When I took her home, I walked her to the door. "Would you like some coffee?"

I almost said yes; but managed to decline saying I had a long day and needed to get to sleep. We hugged each other good night.

My kids had been gone long enough. I wanted them home. I had talked to them and their grandfather several times and got the feeling that they weren't ready to come home and he wasn't ready to let them. I chuckled.

I talked to Ruth and told her I wanted them home. "Dad, we can't come home yet," she said. "Big Jake is taking us on a Disney Cruise. We can't miss that."

"He's what? Let me talk to him."

He got on the phone. "Yes, Michael?"

"What's this about a Disney Cruise?"

"It's one that leaves every week. The kids will love it."

"Shouldn't we have talked about this?"

"Nah. I'm their grandfather. I can do pretty much what I want with them. It's in the grandparent's handbook, but they will need their passports. Would you overnight them, please?"

"Doesn't the parent have a say in the matter?"

"Nope. Not when it comes to grandparent - grandchild relationships. The parents become chopped liver."

I laughed. "Okay Jake. But if anything happens to them..."

Now he laughed. "Got it covered Michael. Enjoy another week to yourself."

"Maybe I'd prefer to have my children."

"Tough shit. You lose this one." We both laughed. I 'overnighted' their passports.

Maybe had they been home, I would have fewer reasons to call Lisa. As it was, I was able to wait two more days.

"Hi, Michael."

"Hi. I was wondering if you would like to go to OKC Friday. The Symphony is playing." It was Lisa who first introduced me to classical music. However, the program they would be playing was all Beatles stuff; but I didn't tell her that. I should have known better because she knew.

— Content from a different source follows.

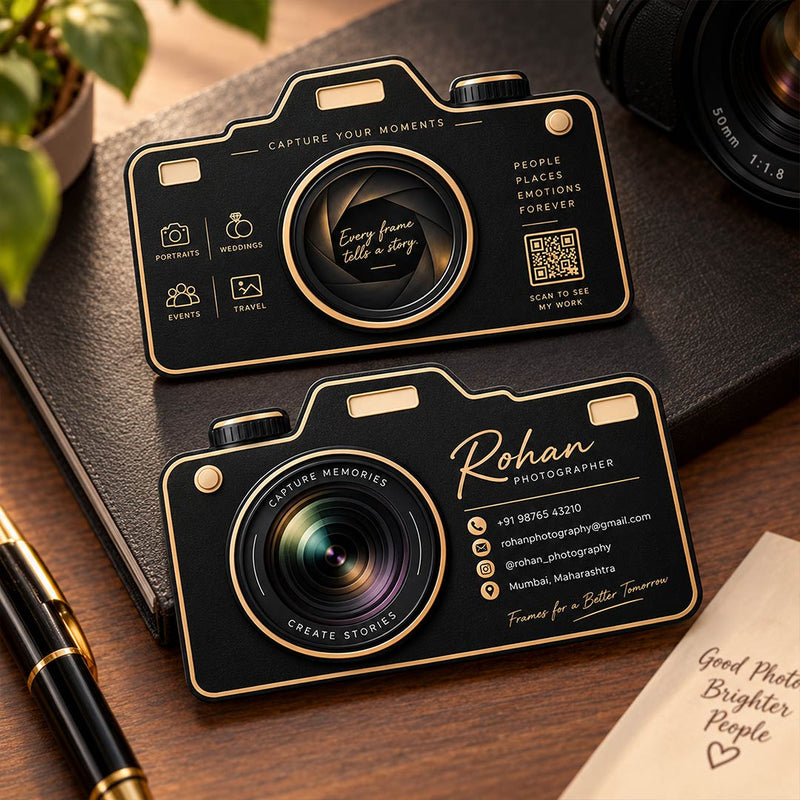 Custom Photographer Visiting Card | Camera Shaped Black Acrylic Business Card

"You know they're doing an homage to The Beatles, don't you?" She laughed as she said it.

"That's okay. We don't have to go."

"No. I'd love to go."

We had gone to OKC to the symphony often and each time had spent the night. I had no intention of spending the night with her this time.

Friday morning came and Lisa called me.

"I can't go with you tonight," she said. I was tempted to ask her why, but didn't. I figured she might volunteer a reason. She didn't. "But thank you for asking. It means a great deal."

"Maybe some other time," I said.

"I hope so."

So maybe she was getting used to my being around and forgiving her. She might, finally, be beginning to forgive herself and is getting back to the life she had before I came back.

Lisa and I had no communication at all for the next two weeks.

Finally, my kids were coming home. I drove to OKC and met them. Big Jake had flown with them. I tried to get him to come home with us for a few days, but he wanted to get back home. There were some tearful goodbyes. Well, he and the girls cried. Little Jake just stood there embarrassed by the public display of affection his sisters and grandfather were showing.